Saving White Horse Mountain

The Backstory

White Horse Mountain is a 1,725- acre remnant of the thousands of forested acres once owned and managed by the Mead Westvaco timber company. When the land was used for timber, White Horse was open to the public via a lease agreement between Mead Westvaco and West Virginia Division of Natural Resources (WV DNR). In the early 2000s, Mead Westvaco sold its land holdings in the region, most of which were quickly purchased by developers.
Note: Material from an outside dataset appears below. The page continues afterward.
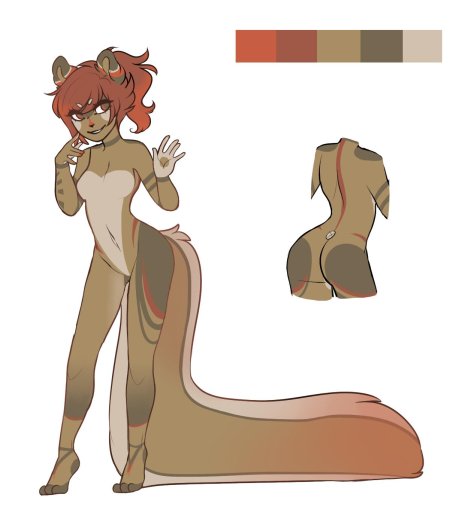 Фурри белка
White Horse Mountain was no exception. It was bought in 2003 by a Florida-based developer, who then platted the land for seventy 20-acre lots. However, the housing market crashed soon after, and in 2012 the property went back on the market for $3.2 million. This unexpected turn of events afforded Potomac Conservancy a rare chance to protect a forested, riverside property in the headwaters of the Potomac River.

Project to Date

The total cost for the White Horse project is $3.2 million. In 2014, Potomac Conservancy negotiated an option to purchase the property for its appraised value of $2,825,000. Over 250 individuals contributed nearly $50,000 to help secure down payment funds. Potomac Conservancy then secured a $2.2 million loan from The Conservation Fund and purchased the property in May 2015. Since then, we have secured $2,512,000 (80 percent of project costs).

Next Steps

We are now raising the remaining 20 percent of project funds ($653K). Once the funds are raised, we will transfer White Horse Mountain to WV DNR. The state will manage White Horse once again as a public Wildlife Management Area, filling a gap in protected land that will help connect nearly 60,000 acres of conservation lands in West Virginia and Maryland. This will allow the forest, water, and wildlife habitat resources to be managed sustainably in perpetuity, will connect a vital migratory corridor, and will reopen access to the public for hiking, hunting, and other forms of passive recreation. As a result, more than 10 miles of headwater streams and 670 source water acres for two municipal springs will be forever protected.